For any young classical musician in Singapore , there can be no
greater honour than being invited by the Singapore Symphony Orchestra to
perform at the annual President’s Young Performers Concert, the concert
season’s traditional opener. Previous performers like violinists Chan Yoong Han
and Lee Huei Min, pianists Shane Thio and Lim Yan, conductors Darrell Ang and Tan
Kang Ming have gone on to become our musical scene’s leading lights.
This year’s invitees were three young gentlemen
who have it in them to go very far. Two 13-year-old pianists Jonathan Chua Yu
Jing and Gavin Jared Bala, both students of Raffles Institution and piano
pedagogue Benjamin Loh, shared the load of notes in Saint-Saens’s Carnival of the Animals. Through its 14
short movements, their coordination was spot on, displaying well-honed
techniques as they blended well with the orchestra.
There was even some room for comic individuality,
as they progressively upped the tempo with each repeat of the scales in the
movement parodying The Pianists, as
impatient pianists are wont to do. In The
Swan, their graceful lapping of the waters paved the way for cellist Ng Pei
Sian to shine, for which he received the loudest cheers.
The third artist, violinist Yang Shuxiang, a
graduate student at Yong Siew Toh Conservatory, gave arguably the finest solo
performance in the history of the President’s Concert series. His bright orange
shirtsleeves stood out in the sea of black coats and gowns, as the pure and
penetrating tone yielded from his 1753 Guadagnini violin carved out a swathe of
sheer beauty through Wagnerian textures in Chausson’s Poeme.

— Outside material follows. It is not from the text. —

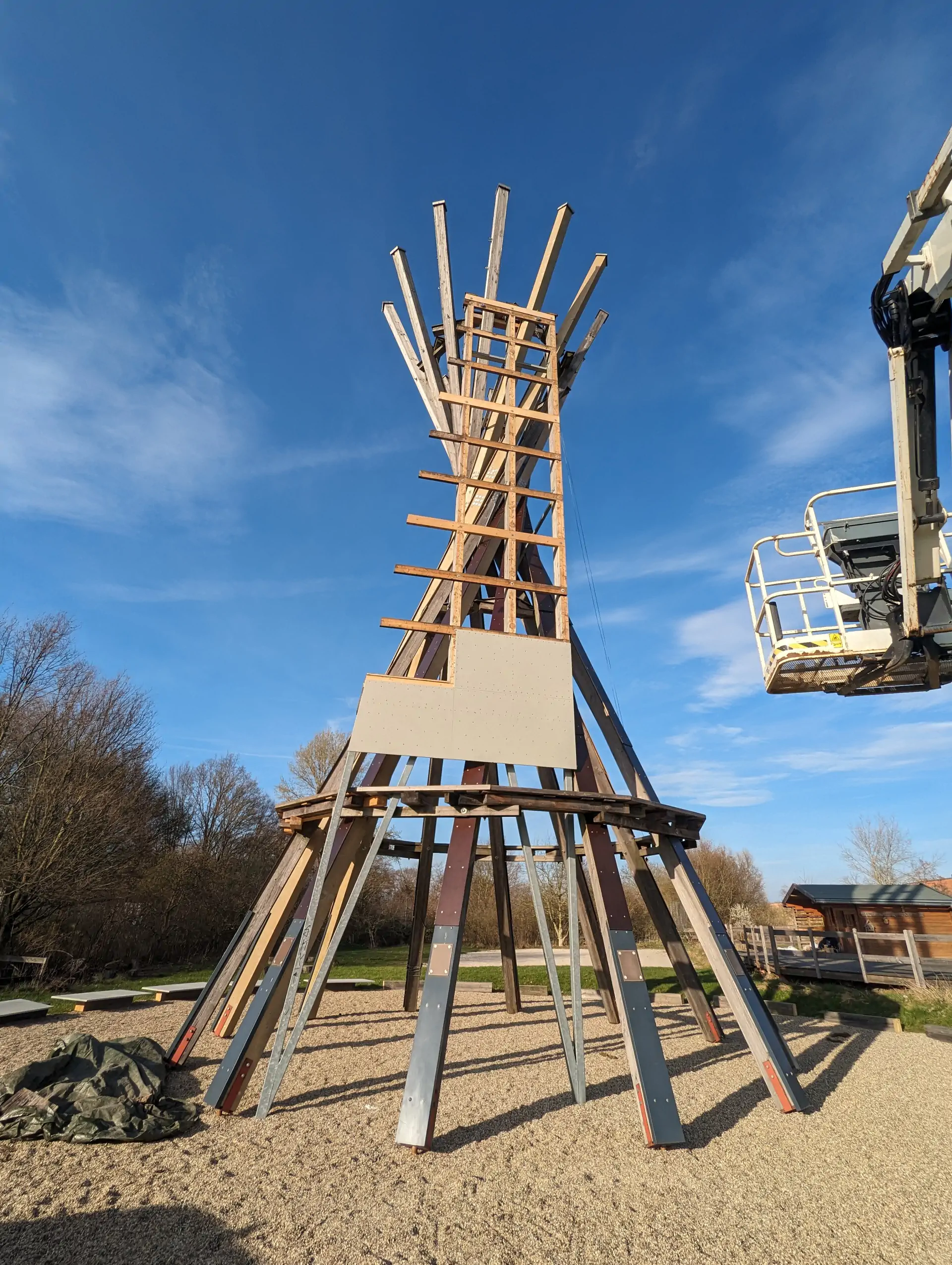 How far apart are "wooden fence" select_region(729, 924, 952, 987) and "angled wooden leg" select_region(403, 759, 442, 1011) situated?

Seldom has there been a performance of such
intensity even from established concert veterans, one that grabbed the listener
by the lapels from the outset and never let go. With each sway of the body, his
narrative of the music’s ridiculously melodramatic story became ever more
vivid, and seemed ever more real. Yang is destined to become one of Singapore ’s giants of the violin.
The concert directed by SSO’s Young Associate
Conductor Darrell Ang opened with Vaughan Williams’s Overture to The Wasps,
which buzzed with great urgency from the strings before revealing a heart built
upon the ever hummable English folksong. The English thread also closed President
Tony Tan’s first concert as SSO patron, with Elgar’s Enigma Variations.
The mystery theme and first variation were taken
at a very deliberate pace, one which allowed the music’s Brahmsian
orchestration to gradually unravel. Many details were revealed, often missed in
swifter accounts, but all this worked building up arch-like to the glorious
climax of the 9th Variation, better known as Nimrod. The finale was no less arresting, its pomp and circumstance
culminating with the entry of the pipe organ. In a word, breathtaking.